Will your retirement include a so-called “second act”? It’s a concept that gets a lot of attention these days (probably because most of today’s retirees are baby boomers who have never been content to be predictable). The idea of a second act simply refers to that stage of life when you can stop working merely because you have to and instead follow your passion. Your second act may be a job or it may be a part-time gig – or it might simply be something you love to do, whether it earns you any cash or not.
We came across this recent article from CNBC in which reporter Andrew Osterland advises retirees on when and how to pursue their second act. He notes that many financially secure retirees will be likely to pursue second careers based primarily on personal interests. But Osterland also sounds a loud warning bell at the beginning of his article when he demonstrates how, for roughly half of retirees, any dreams of pursuing their passion in retirement are probably doomed to fail for the simple reason that they won’t be able to afford it.
Our advice here at the start is simple: if you want to achieve the retirement you dream of, the time to start planning is now. Let’s take a closer look at the idea of the second act.
Half of Retirees Will Face Drop in Living Standard
In his CNBC article, Osterland begins with the sobering thought that many Americans who are heading into retirement expecting a “second act” may be in for a rough financial surprise.
“While the average amount of retirement savings for Americans between the ages of 55 and 64 was $408,000 in 2019, per the Federal Reserve Survey of Consumer Finances, the median savings was just $134,000 for that group,” Osterland writes.
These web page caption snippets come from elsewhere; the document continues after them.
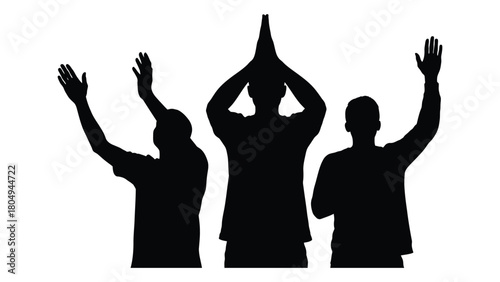 Three silhouettes with raised hands isolated on white background, Vector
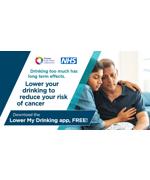 A young girl hugging an older man. Text to the left of them reads "Drinking too much has long term effects. Lower your drinking to reduce your risk of cancer. Download the Lower My Drinking App, FREE!"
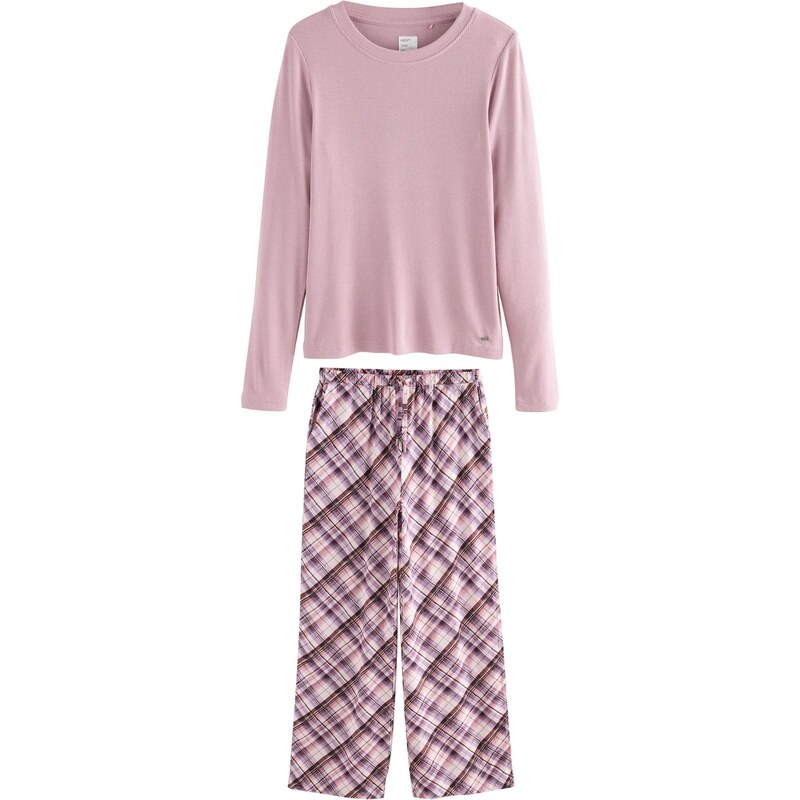 Next Pyžamo svetlofialová / staroružová / tmavočervená / biela 65815304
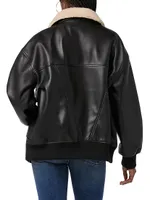 Oversized Leather Bomber Jacket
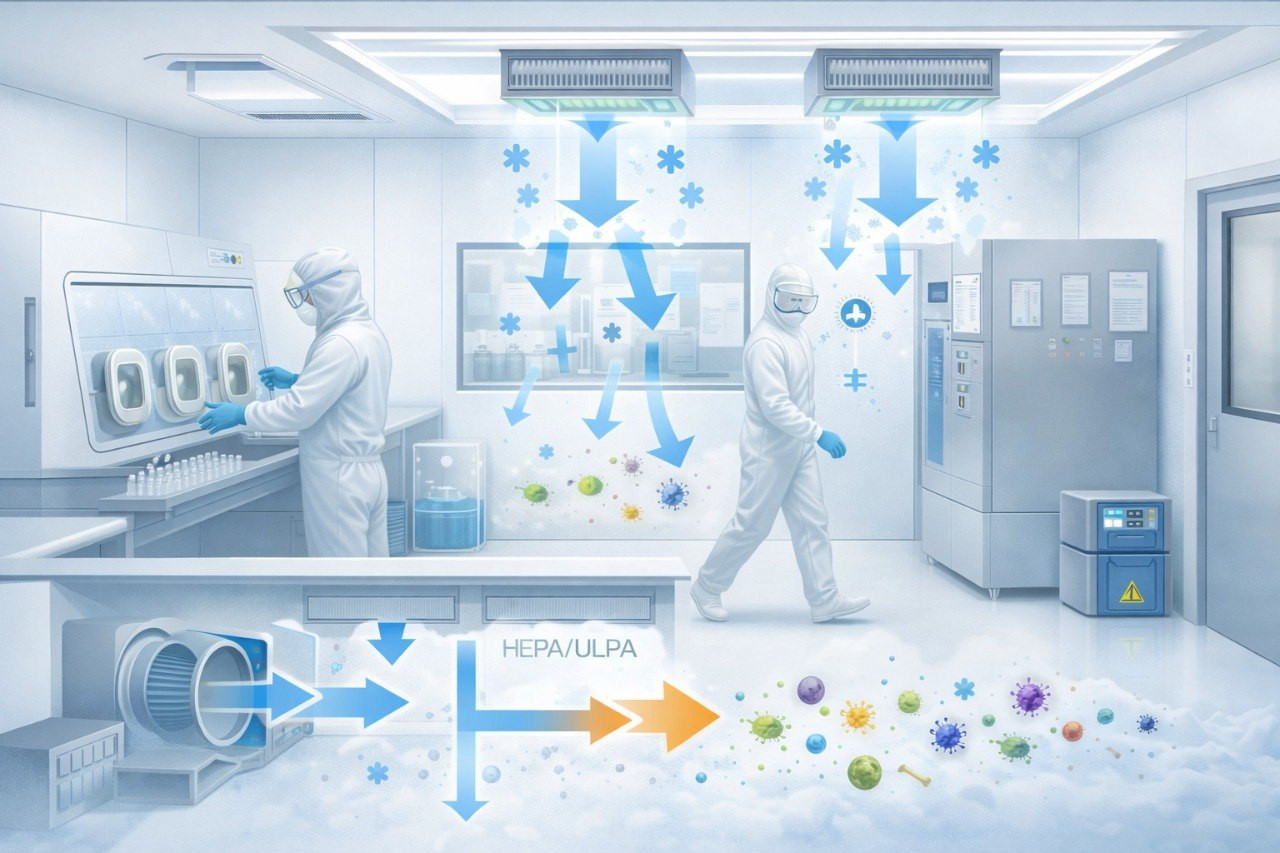 Чистые помещения фармацевтического производства: вентиляция с HEPA-фильтрами, ламинарные потоки, контроль частиц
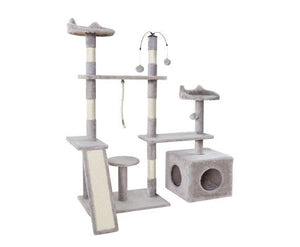 Pet Cat Tree Playhouse Tower Condo 135cm-0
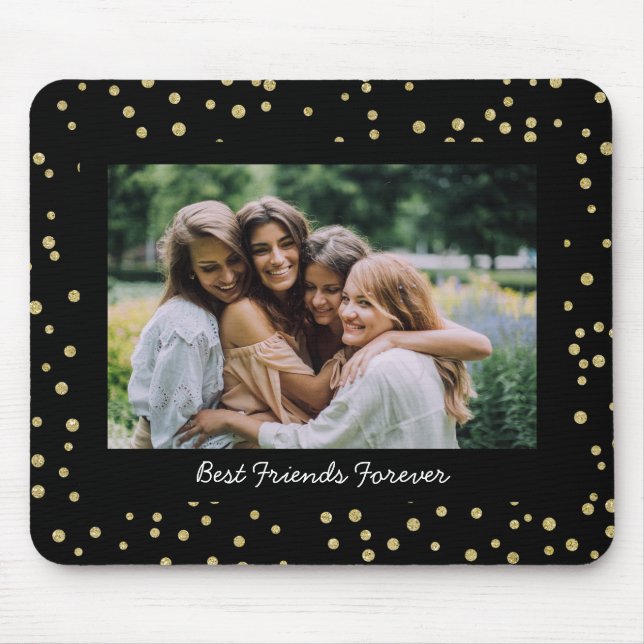 Modern Best Friends BFF Besties Photo Black Gold  Mouse Pad (Front)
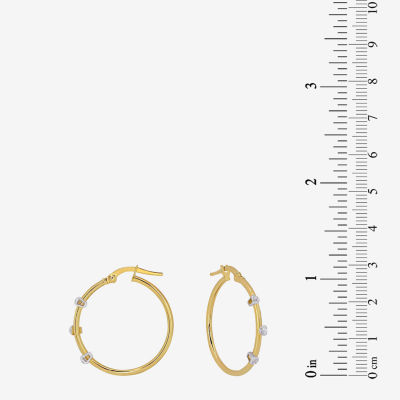 White Cubic Zirconia 14K Gold 24mm Hoop Earrings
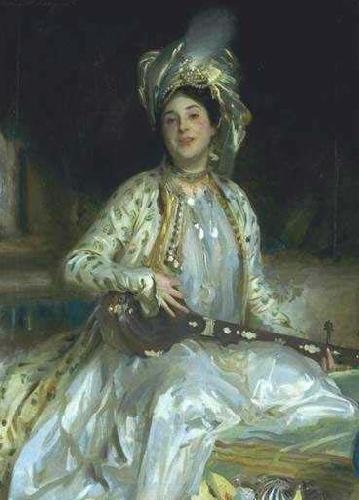John Singer Sargent Sargent emphasized Almina Wertheimer exotic beauty in 1908 by dressing her en turquerie oil painting picture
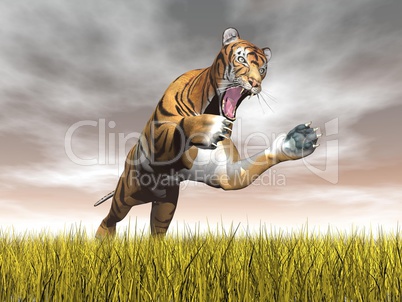 tiger hunting - 3d render
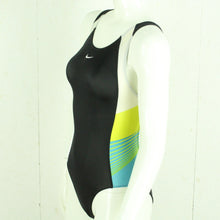 Laden Sie das Bild in den Galerie-Viewer, Vintage NIKE Badeanzug Gr. XS schwarz bunt Sport Y2K 00er Beachwear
That means half of all people surveyed fall below that figure. According to Fidelity research, 25 percent of all U.S. households have no retirement savings at all. The same research showed the median 401(k) balance for respondents 65 and older at less than $83,000.
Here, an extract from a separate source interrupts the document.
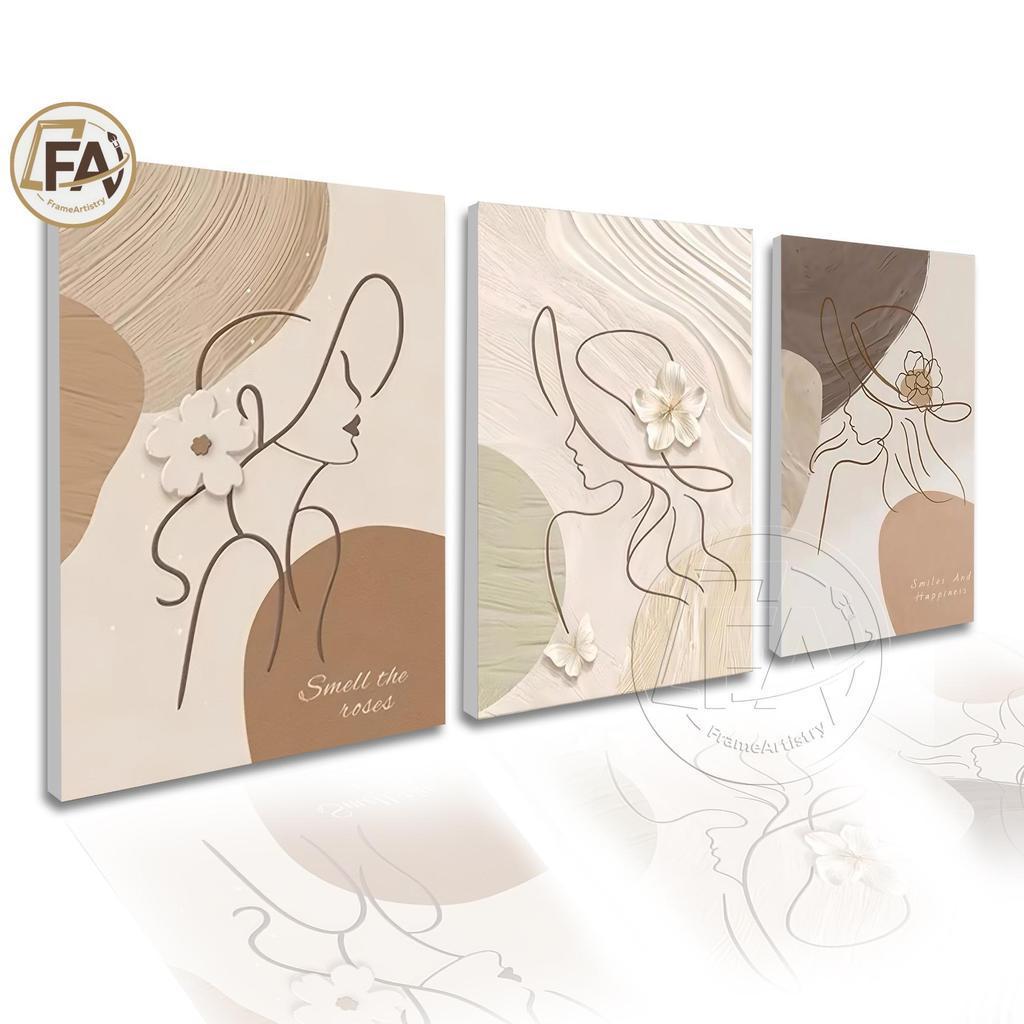 3PCS Flowers Art Simple INS Wall Decoration Painting  Frameless  Ornaments Artistic Wall Decor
This creates a potentially grim scenario, the article observes. “Between those savings and Social Security benefits, more than half of Americans in that pre-retirement age group will likely experience a major drop in their standard of living in full retirement. Although they may long to quit a job and pursue a passion — a ‘second act’ — their financial state will make that difficult.”
Tight Labor Market Creates Opportunities
Ironically, after stating this tough truth, Osterland notes that the opposite is also true: there are millions of Americans heading into retirement “who are more secure financially and can consider taking advantage of the tightest labor market in a generation to change their lives.”
Sheryl Garrett, a former financial advisor, says, “This environment may be the best we’ve ever seen for people in their 50s looking to do their next thing. I see lots of opportunities for second acts — maybe third and fourth acts, too.” In other words, for those who are prepared, opportunities abound for a highly satisfying “new you” in retirement.
Retirement “Not Natural,” Advisor Suggests
Garrett told Osterland that she doesn’t believe retirement is a natural state for humans, and she would rather see a person’s latter years as an opportunity for what she calls “retreading”. As Osterland explains, “[Retreading] may involve finding work that is gentler on your body but perhaps even more important, will feed an interest or passion.”
Moreover, as critical as finances are, Garrett definitely does not like the singular focus on financial preparedness that seems to be the norm when it comes to aging. “Preparing for retirement is about more than being financially prepared,” she says. “It’s about psychological and social preparedness. We need to have a second act. We may need it from a financial perspective, but over time I think it’s the psychological aspect that is more important.”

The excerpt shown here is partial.